> GOAL OF THE EXERCISE
From the entries below, tally how many lines contain "plate" and report only that figure.

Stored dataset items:
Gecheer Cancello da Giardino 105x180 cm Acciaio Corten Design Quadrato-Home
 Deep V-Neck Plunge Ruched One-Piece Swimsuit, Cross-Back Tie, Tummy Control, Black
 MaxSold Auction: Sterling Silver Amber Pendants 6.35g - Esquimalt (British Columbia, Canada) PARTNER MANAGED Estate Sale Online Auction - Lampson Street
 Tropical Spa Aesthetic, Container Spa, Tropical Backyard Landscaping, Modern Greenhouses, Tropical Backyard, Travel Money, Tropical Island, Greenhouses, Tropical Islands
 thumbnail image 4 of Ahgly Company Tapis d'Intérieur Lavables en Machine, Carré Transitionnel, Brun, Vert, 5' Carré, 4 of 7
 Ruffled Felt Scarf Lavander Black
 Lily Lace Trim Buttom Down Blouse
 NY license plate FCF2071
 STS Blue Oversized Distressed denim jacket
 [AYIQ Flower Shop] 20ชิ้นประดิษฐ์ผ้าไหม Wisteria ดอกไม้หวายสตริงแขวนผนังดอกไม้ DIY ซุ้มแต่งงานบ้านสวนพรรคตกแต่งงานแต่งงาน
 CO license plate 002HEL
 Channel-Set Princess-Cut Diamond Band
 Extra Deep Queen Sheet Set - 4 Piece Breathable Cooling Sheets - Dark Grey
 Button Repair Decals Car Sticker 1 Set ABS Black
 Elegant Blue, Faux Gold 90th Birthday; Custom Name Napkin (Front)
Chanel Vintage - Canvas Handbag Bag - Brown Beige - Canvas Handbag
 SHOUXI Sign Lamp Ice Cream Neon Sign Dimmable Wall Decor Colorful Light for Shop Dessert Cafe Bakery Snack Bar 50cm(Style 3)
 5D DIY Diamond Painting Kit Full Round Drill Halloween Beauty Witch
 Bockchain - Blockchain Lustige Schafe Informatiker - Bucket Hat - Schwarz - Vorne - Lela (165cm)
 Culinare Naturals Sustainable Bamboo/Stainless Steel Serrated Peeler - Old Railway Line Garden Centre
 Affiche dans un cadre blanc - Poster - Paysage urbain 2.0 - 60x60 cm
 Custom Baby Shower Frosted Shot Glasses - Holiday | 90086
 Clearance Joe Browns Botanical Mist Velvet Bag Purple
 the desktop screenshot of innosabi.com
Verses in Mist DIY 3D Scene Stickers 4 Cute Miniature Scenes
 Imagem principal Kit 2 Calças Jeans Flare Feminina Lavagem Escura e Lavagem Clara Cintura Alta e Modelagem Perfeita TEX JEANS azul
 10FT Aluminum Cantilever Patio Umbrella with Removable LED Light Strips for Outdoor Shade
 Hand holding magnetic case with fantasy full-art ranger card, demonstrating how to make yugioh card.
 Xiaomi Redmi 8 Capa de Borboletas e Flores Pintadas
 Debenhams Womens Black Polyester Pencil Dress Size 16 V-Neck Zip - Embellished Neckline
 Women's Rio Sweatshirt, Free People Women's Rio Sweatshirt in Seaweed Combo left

> RESPONSE BELOW
2